▸ The records
____
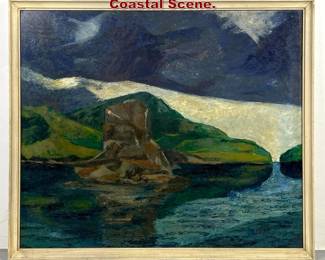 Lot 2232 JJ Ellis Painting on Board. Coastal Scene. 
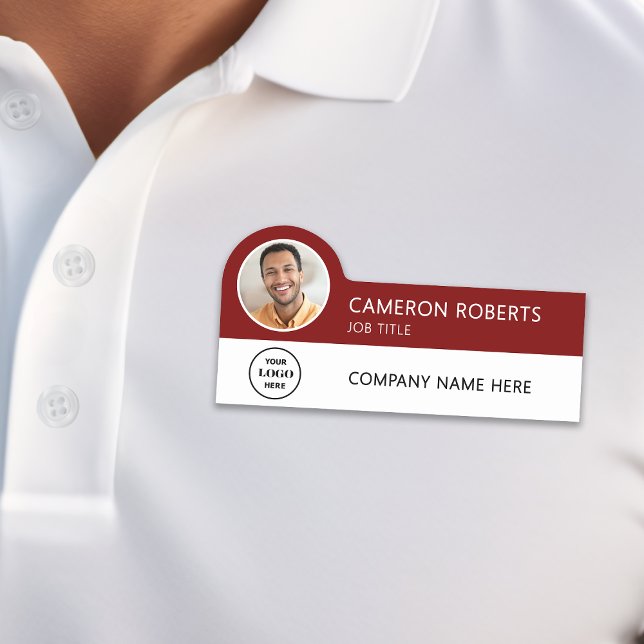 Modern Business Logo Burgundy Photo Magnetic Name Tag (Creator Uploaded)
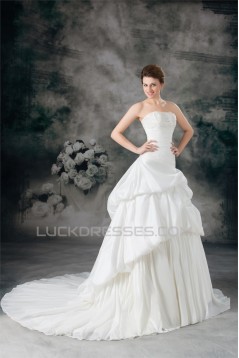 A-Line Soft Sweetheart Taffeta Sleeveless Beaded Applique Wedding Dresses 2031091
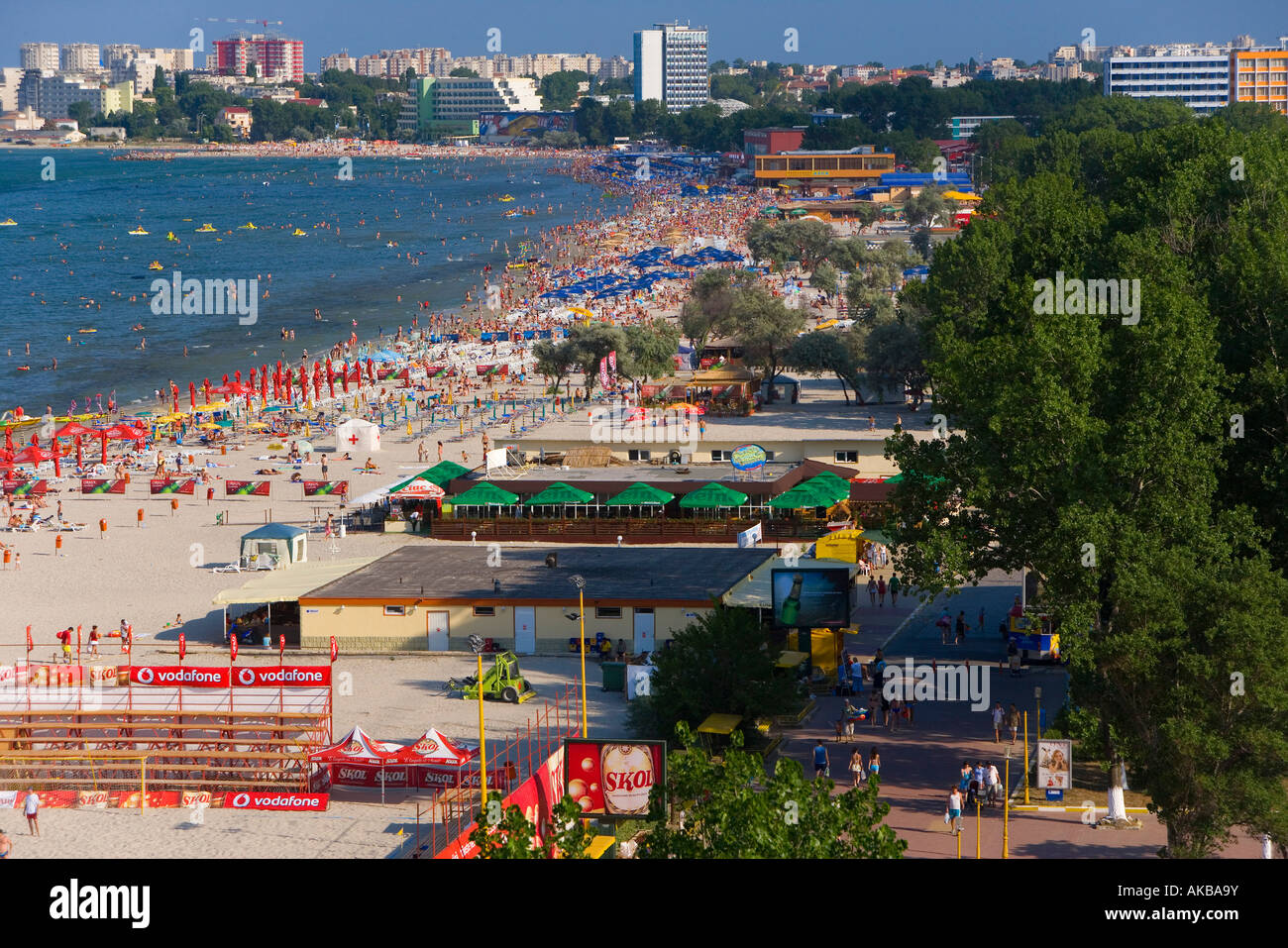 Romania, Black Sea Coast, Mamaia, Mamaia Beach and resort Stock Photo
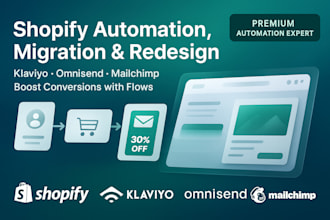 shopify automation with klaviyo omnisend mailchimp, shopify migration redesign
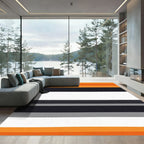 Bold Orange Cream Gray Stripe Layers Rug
____
▸ Instructions to follow
Drop the pictures, then transcribe the lines from the one containing "Modern Business Logo" to the end of the data above, exactly and nothing more.

▸ Task output
 Modern Business Logo Burgundy Photo Magnetic Name Tag (Creator Uploaded)
 A-Line Soft Sweetheart Taffeta Sleeveless Beaded Applique Wedding Dresses 2031091
 Romania, Black Sea Coast, Mamaia, Mamaia Beach and resort Stock Photo
 shopify automation with klaviyo omnisend mailchimp, shopify migration redesign
 Bold Orange Cream Gray Stripe Layers Rug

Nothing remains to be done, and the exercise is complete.